* [Work order] Repeat each entry verbatim.

*** Opening of Supplied data ***

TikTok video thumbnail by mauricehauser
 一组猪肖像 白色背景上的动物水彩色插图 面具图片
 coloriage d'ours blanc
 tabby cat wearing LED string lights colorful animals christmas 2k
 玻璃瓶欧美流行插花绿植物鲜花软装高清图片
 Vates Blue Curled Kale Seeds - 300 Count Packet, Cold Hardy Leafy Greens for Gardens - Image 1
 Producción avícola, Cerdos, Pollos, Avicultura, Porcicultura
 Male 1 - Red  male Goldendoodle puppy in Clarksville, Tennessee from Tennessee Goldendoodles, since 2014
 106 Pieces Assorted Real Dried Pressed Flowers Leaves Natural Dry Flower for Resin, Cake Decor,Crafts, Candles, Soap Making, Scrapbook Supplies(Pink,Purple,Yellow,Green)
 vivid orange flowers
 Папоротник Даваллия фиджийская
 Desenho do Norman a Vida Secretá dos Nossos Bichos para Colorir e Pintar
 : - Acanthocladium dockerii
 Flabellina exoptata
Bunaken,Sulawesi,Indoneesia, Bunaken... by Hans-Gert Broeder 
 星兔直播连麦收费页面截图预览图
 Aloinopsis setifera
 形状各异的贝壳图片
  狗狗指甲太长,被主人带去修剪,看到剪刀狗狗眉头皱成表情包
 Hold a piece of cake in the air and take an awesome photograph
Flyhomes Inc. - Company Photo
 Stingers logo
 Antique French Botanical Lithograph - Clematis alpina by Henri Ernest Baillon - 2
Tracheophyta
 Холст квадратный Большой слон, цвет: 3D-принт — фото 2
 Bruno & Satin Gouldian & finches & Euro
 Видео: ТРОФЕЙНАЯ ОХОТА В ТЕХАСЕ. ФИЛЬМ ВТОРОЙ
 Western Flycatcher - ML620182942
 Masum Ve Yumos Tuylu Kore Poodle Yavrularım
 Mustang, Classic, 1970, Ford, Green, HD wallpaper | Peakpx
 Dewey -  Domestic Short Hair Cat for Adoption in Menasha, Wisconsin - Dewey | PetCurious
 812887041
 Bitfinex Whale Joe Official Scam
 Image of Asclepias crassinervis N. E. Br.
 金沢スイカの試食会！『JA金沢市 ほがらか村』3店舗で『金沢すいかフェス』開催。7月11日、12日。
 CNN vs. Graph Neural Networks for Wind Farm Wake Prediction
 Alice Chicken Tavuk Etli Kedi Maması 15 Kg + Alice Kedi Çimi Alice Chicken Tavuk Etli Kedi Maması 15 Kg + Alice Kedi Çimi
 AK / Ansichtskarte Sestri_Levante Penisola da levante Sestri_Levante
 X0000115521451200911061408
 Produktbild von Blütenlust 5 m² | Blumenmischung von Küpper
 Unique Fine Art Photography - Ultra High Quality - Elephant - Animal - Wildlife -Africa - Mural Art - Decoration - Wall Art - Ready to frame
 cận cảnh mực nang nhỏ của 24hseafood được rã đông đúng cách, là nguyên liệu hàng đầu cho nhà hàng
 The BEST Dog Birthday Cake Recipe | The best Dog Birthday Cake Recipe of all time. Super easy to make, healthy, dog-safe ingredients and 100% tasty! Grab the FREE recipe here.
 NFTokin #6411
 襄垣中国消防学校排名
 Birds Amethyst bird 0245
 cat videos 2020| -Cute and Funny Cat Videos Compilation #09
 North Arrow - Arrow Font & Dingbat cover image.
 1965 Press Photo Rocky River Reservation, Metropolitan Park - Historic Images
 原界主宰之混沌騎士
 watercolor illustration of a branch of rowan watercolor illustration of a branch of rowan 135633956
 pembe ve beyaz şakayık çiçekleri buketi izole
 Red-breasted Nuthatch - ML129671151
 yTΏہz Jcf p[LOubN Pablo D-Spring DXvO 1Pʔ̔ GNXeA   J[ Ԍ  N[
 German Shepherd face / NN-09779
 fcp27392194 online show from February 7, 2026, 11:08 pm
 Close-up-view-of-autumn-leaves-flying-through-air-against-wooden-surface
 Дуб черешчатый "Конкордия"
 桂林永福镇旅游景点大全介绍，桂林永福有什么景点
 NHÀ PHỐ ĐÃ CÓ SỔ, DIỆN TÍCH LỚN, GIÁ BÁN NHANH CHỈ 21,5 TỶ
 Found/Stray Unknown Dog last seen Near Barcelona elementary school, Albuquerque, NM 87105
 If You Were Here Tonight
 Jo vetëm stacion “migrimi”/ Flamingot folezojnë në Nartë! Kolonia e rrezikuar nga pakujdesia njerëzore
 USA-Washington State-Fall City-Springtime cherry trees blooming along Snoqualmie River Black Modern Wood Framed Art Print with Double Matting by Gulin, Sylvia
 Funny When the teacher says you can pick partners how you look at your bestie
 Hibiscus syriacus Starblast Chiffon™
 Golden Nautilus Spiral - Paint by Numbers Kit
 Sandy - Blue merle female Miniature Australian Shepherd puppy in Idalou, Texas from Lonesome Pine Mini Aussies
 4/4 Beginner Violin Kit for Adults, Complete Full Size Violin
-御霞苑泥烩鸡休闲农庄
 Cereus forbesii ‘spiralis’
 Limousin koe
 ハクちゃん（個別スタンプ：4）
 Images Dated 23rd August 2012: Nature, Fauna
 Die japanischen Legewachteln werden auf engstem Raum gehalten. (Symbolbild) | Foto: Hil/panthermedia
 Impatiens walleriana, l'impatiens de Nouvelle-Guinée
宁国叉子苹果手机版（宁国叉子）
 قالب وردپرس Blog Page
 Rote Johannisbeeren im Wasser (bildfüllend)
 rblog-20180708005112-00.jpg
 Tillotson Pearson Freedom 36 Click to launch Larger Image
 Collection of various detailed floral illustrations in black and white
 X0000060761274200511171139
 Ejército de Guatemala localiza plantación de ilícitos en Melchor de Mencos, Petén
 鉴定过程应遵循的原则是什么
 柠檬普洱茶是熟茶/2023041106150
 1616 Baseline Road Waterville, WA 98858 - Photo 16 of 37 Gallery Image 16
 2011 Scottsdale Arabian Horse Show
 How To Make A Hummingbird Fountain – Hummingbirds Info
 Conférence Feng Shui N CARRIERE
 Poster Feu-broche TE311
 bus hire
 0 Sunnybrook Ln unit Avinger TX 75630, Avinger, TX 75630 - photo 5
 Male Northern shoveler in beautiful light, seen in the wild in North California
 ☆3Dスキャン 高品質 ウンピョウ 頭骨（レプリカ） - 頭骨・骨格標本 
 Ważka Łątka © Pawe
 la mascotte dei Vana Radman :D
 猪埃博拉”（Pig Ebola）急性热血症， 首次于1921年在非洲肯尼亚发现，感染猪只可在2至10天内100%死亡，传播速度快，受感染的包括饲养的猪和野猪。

*** Close of Supplied data ***

* [Result of this task]
TikTok video thumbnail by mauricehauser
 一组猪肖像 白色背景上的动物水彩色插图 面具图片
 coloriage d'ours blanc
 tabby cat wearing LED string lights colorful animals christmas 2k
 玻璃瓶欧美流行插花绿植物鲜花软装高清图片
 Vates Blue Curled Kale Seeds - 300 Count Packet, Cold Hardy Leafy Greens for Gardens - Image 1
 Producción avícola, Cerdos, Pollos, Avicultura, Porcicultura
 Male 1 - Red  male Goldendoodle puppy in Clarksville, Tennessee from Tennessee Goldendoodles, since 2014
 106 Pieces Assorted Real Dried Pressed Flowers Leaves Natural Dry Flower for Resin, Cake Decor,Crafts, Candles, Soap Making, Scrapbook Supplies(Pink,Purple,Yellow,Green)
 vivid orange flowers
 Папоротник Даваллия фиджийская
 Desenho do Norman a Vida Secretá dos Nossos Bichos para Colorir e Pintar
 : - Acanthocladium dockerii
 Flabellina exoptata
Bunaken,Sulawesi,Indoneesia, Bunaken... by Hans-Gert Broeder 
 星兔直播连麦收费页面截图预览图
 Aloinopsis setifera
 形状各异的贝壳图片
  狗狗指甲太长,被主人带去修剪,看到剪刀狗狗眉头皱成表情包
 Hold a piece of cake in the air and take an awesome photograph
Flyhomes Inc. - Company Photo
 Stingers logo
 Antique French Botanical Lithograph - Clematis alpina by Henri Ernest Baillon - 2
Tracheophyta
 Холст квадратный Большой слон, цвет: 3D-принт — фото 2
 Bruno & Satin Gouldian & finches & Euro
 Видео: ТРОФЕЙНАЯ ОХОТА В ТЕХАСЕ. ФИЛЬМ ВТОРОЙ
 Western Flycatcher - ML620182942
 Masum Ve Yumos Tuylu Kore Poodle Yavrularım
 Mustang, Classic, 1970, Ford, Green, HD wallpaper | Peakpx
 Dewey -  Domestic Short Hair Cat for Adoption in Menasha, Wisconsin - Dewey | PetCurious
 812887041
 Bitfinex Whale Joe Official Scam
 Image of Asclepias crassinervis N. E. Br.
 金沢スイカの試食会！『JA金沢市 ほがらか村』3店舗で『金沢すいかフェス』開催。7月11日、12日。
 CNN vs. Graph Neural Networks for Wind Farm Wake Prediction
 Alice Chicken Tavuk Etli Kedi Maması 15 Kg + Alice Kedi Çimi Alice Chicken Tavuk Etli Kedi Maması 15 Kg + Alice Kedi Çimi
 AK / Ansichtskarte Sestri_Levante Penisola da levante Sestri_Levante
 X0000115521451200911061408
 Produktbild von Blütenlust 5 m² | Blumenmischung von Küpper
 Unique Fine Art Photography - Ultra High Quality - Elephant - Animal - Wildlife -Africa - Mural Art - Decoration - Wall Art - Ready to frame
 cận cảnh mực nang nhỏ của 24hseafood được rã đông đúng cách, là nguyên liệu hàng đầu cho nhà hàng
 The BEST Dog Birthday Cake Recipe | The best Dog Birthday Cake Recipe of all time. Super easy to make, healthy, dog-safe ingredients and 100% tasty! Grab the FREE recipe here.
 NFTokin #6411
 襄垣中国消防学校排名
 Birds Amethyst bird 0245
 cat videos 2020| -Cute and Funny Cat Videos Compilation #09
 North Arrow - Arrow Font & Dingbat cover image.
 1965 Press Photo Rocky River Reservation, Metropolitan Park - Historic Images
 原界主宰之混沌騎士
 watercolor illustration of a branch of rowan watercolor illustration of a branch of rowan 135633956
 pembe ve beyaz şakayık çiçekleri buketi izole
 Red-breasted Nuthatch - ML129671151
 yTΏہz Jcf p[LOubN Pablo D-Spring DXvO 1Pʔ̔ GNXeA   J[ Ԍ  N[
 German Shepherd face / NN-09779
 fcp27392194 online show from February 7, 2026, 11:08 pm
 Close-up-view-of-autumn-leaves-flying-through-air-against-wooden-surface
 Дуб черешчатый "Конкордия"
 桂林永福镇旅游景点大全介绍，桂林永福有什么景点
 NHÀ PHỐ ĐÃ CÓ SỔ, DIỆN TÍCH LỚN, GIÁ BÁN NHANH CHỈ 21,5 TỶ
 Found/Stray Unknown Dog last seen Near Barcelona elementary school, Albuquerque, NM 87105
 If You Were Here Tonight
 Jo vetëm stacion “migrimi”/ Flamingot folezojnë në Nartë! Kolonia e rrezikuar nga pakujdesia njerëzore
 USA-Washington State-Fall City-Springtime cherry trees blooming along Snoqualmie River Black Modern Wood Framed Art Print with Double Matting by Gulin, Sylvia
 Funny When the teacher says you can pick partners how you look at your bestie
 Hibiscus syriacus Starblast Chiffon™
 Golden Nautilus Spiral - Paint by Numbers Kit
 Sandy - Blue merle female Miniature Australian Shepherd puppy in Idalou, Texas from Lonesome Pine Mini Aussies
 4/4 Beginner Violin Kit for Adults, Complete Full Size Violin
-御霞苑泥烩鸡休闲农庄
 Cereus forbesii ‘spiralis’
 Limousin koe
 ハクちゃん（個別スタンプ：4）
 Images Dated 23rd August 2012: Nature, Fauna
 Die japanischen Legewachteln werden auf engstem Raum gehalten. (Symbolbild) | Foto: Hil/panthermedia
 Impatiens walleriana, l'impatiens de Nouvelle-Guinée
宁国叉子苹果手机版（宁国叉子）
 قالب وردپرس Blog Page
 Rote Johannisbeeren im Wasser (bildfüllend)
 rblog-20180708005112-00.jpg
 Tillotson Pearson Freedom 36 Click to launch Larger Image
 Collection of various detailed floral illustrations in black and white
 X0000060761274200511171139
 Ejército de Guatemala localiza plantación de ilícitos en Melchor de Mencos, Petén
 鉴定过程应遵循的原则是什么
 柠檬普洱茶是熟茶/2023041106150
 1616 Baseline Road Waterville, WA 98858 - Photo 16 of 37 Gallery Image 16
 2011 Scottsdale Arabian Horse Show
 How To Make A Hummingbird Fountain – Hummingbirds Info
 Conférence Feng Shui N CARRIERE
 Poster Feu-broche TE311
 bus hire
 0 Sunnybrook Ln unit Avinger TX 75630, Avinger, TX 75630 - photo 5
 Male Northern shoveler in beautiful light, seen in the wild in North California
 ☆3Dスキャン 高品質 ウンピョウ 頭骨（レプリカ） - 頭骨・骨格標本 
 Ważka Łątka © Pawe
 la mascotte dei Vana Radman :D
 猪埃博拉”（Pig Ebola）急性热血症， 首次于1921年在非洲肯尼亚发现，感染猪只可在2至10天内100%死亡，传播速度快，受感染的包括饲养的猪和野猪。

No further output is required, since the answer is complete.